Gift Leremi

Personal information
- Full name: Mpho Gift Leremi
- Date of birth: 13 October 1984
- Place of birth: Soweto, South Africa
- Date of death: 3 September 2007 (aged 22)
- Place of death: Alberton, South Africa
- Height: 1.75 m (5 ft 9 in)
- Position(s): Midfielder

Youth career
- Sprinters Development Soccer Academy
- Orlando Pirates

Senior career*
- Years: Team / Apps / (Gls)
- 2002–2007: Orlando Pirates / 70 / (15)
- 2007: Mamelodi Sundowns / 2 / (1)

International career^{‡}
- 2001–2004: South Africa U23 / 21 / (0)
- 2004–2005: South Africa / 4 / (0)

= Gift Leremi =

South African soccer player

Mpho Gift Leremi (13 October 1984 – 3 September 2007) was a South African football midfielder who last played for Mamelodi Sundowns in the Premier Soccer League, and South Africa. Leremi died in a car crash on 3 September 2007 near Johannesburg, South Africa.

==Career==
Leremi was an offensive midfielder who began his career with the youth club Pimville Giants in Soweto, where he was born, and discovered by Orlando Pirates in 1999 at a local soccer tournament. Upon joining the Pirates development team, Augusto Palacios, the Pirates youth director, immediately recognized the talent in the player and took him under his wing.

Leremi made his debut for Orlando Pirates in 2002–03 season of the Premier Soccer League on 10 August 2002 against Moroka Swallows, winning the league title in his debut season.

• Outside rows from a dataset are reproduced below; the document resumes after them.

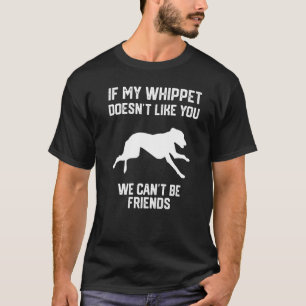 if my Whippet doesn't like you we can't be friends T-Shirt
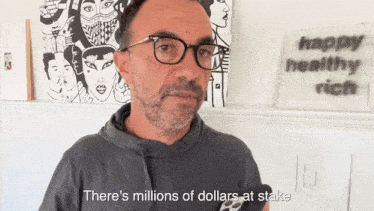 a man wearing glasses and a gray shirt says there 's millions of dollars at stake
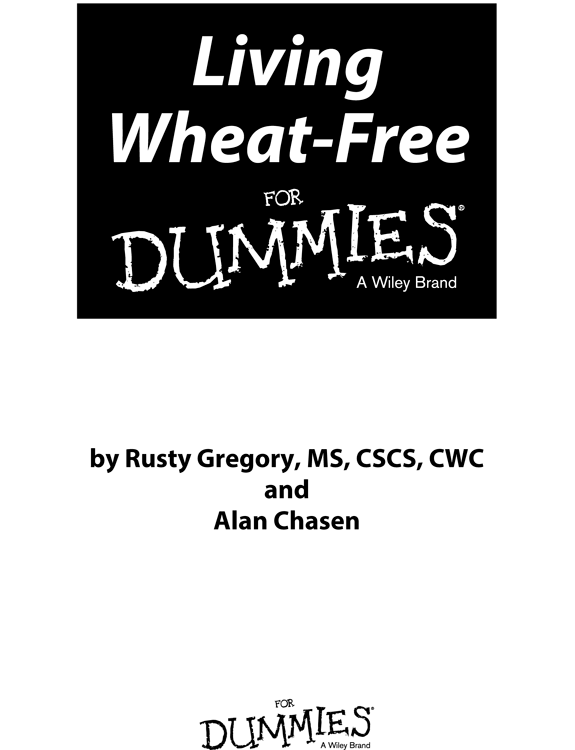 Living Wheat-Free For Dummies Published by John Wiley Sons Inc 111 River - photo 1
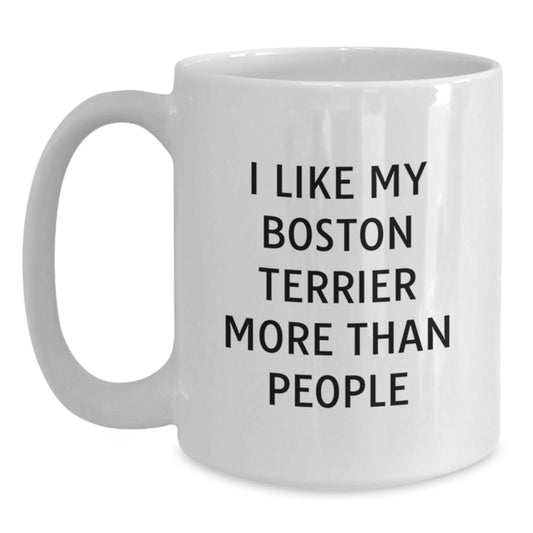 Funny Boston Terrier Dog Lovers Gifts from Friends White Coffee Mugs, I Like My Boston Terrier More Than People Birthday Unique Gifts for Boston Terrier Dog Owners - Main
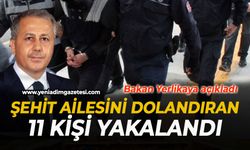 Bakan Yerlikaya açıkladı: Şehit ailesini dolandıran 11 şüpheli yakalandı
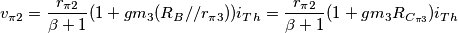 v_{\pi 2} = \frac{r_{\pi 2}}{\beta +1} (1 + gm_3 (R_B // r_{\pi 3})) i_{Th} = \frac{r_{\pi 2}}{\beta +1} (1 + gm_3 R_{C_{\pi 3}}) i_{Th}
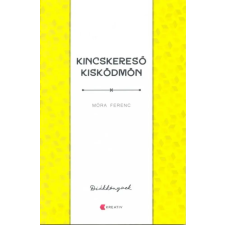 Kreatív Kiadó Móra Ferenc - Kincskereső kisködmön gyermek- és ifjúsági könyv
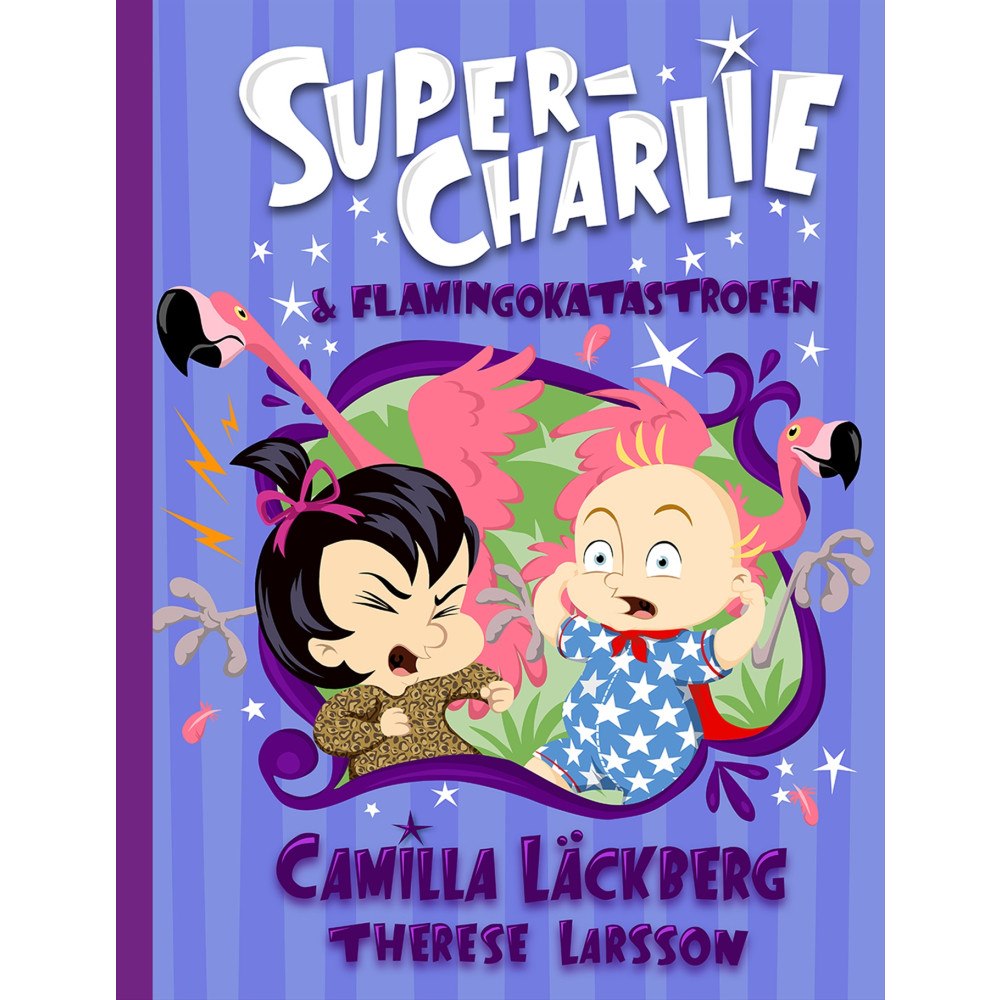 Camilla Läckberg Super-Charlie och flamingokatastrofen (inbunden)
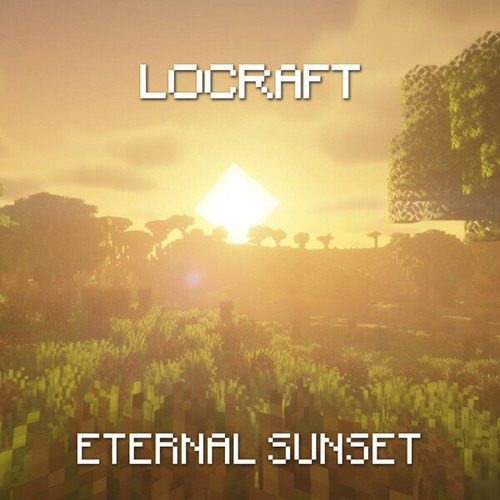 LoCraft-Eternal Sunset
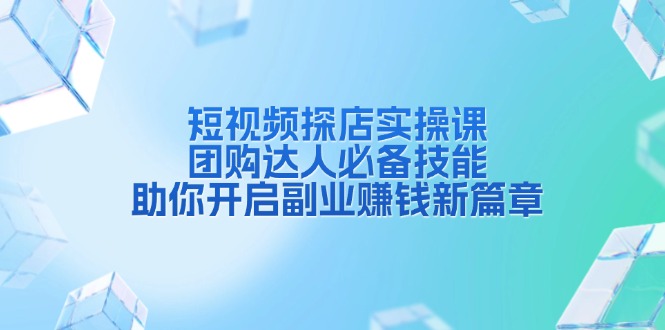 短视频探店实操课，团购达人必备技能，助你开启副业赚钱新篇章-百盛轻创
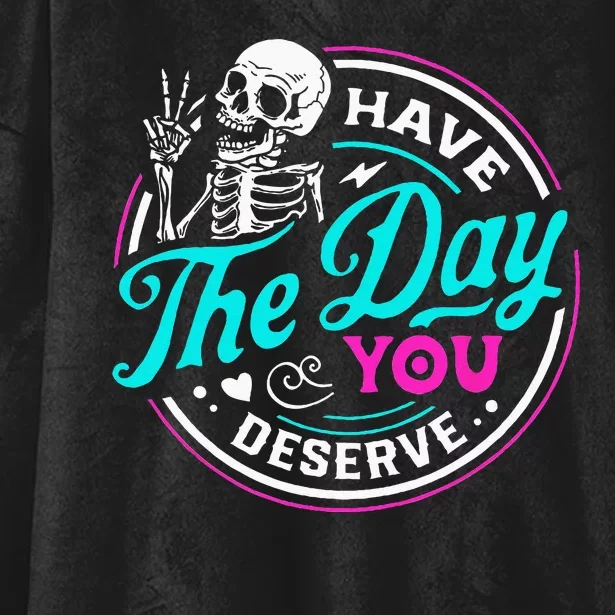 Have The Day You Deserve Skelton Hooded Wearable Blanket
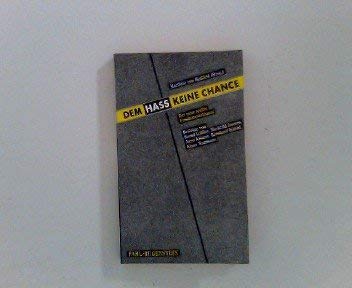 Dem Hass keine Chance. Der neue rechte Fundamentalismus Professional & Reference Books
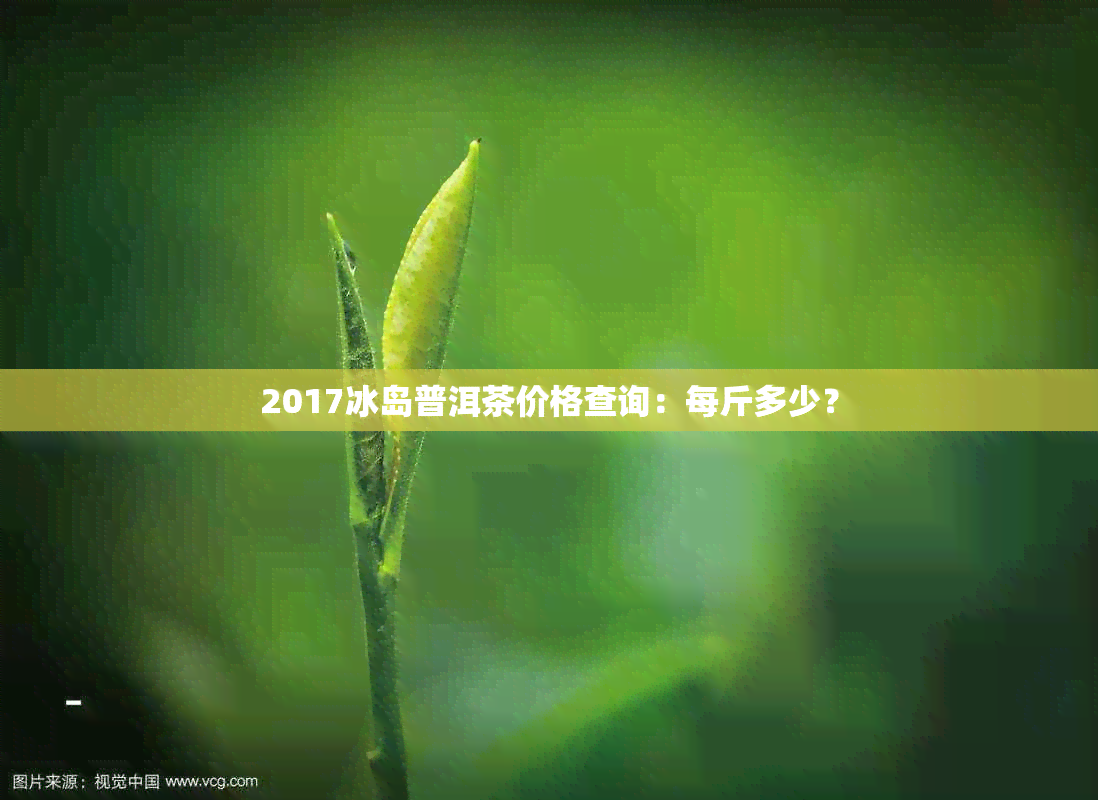 2017冰岛普洱茶价格查询：每斤多少？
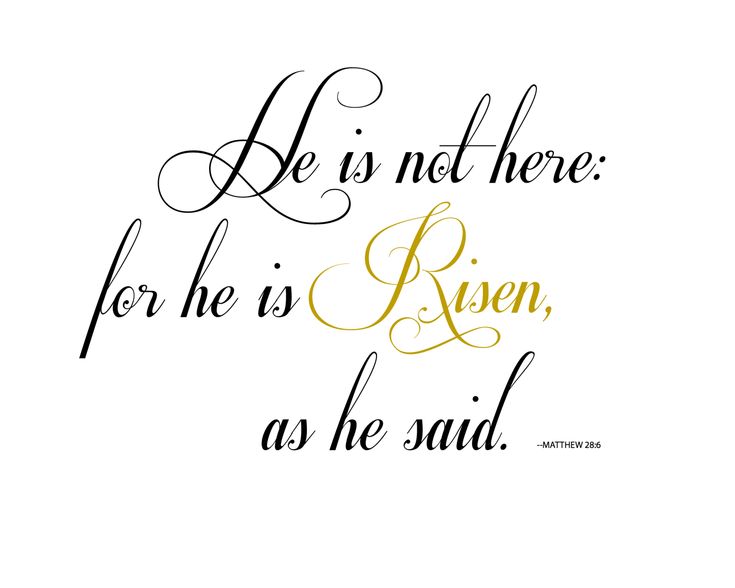 a quote that says he is not here for he is risen, as he said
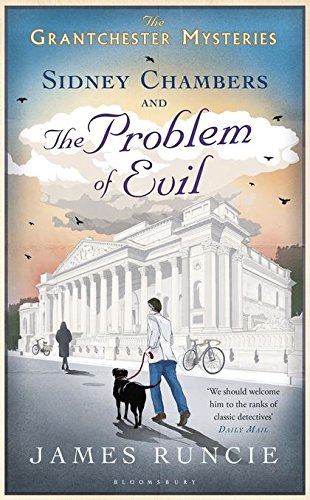 The Grantchester Mysteries, Sidney Chambers and The Problem of Evil von Bloomsbury Trade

In the summer of 2007 he moved to the then Premier Soccer League champions Mamelodi Sundowns.

==Death==
On 3 September 2007, Leremi was returning home after a CAF Confederation Cup game in Cameroon against Astres FC when he was involved in a traffic collision in Alberton outside Johannesburg. He sustained massive injuries and ultimately died as a result of the accident.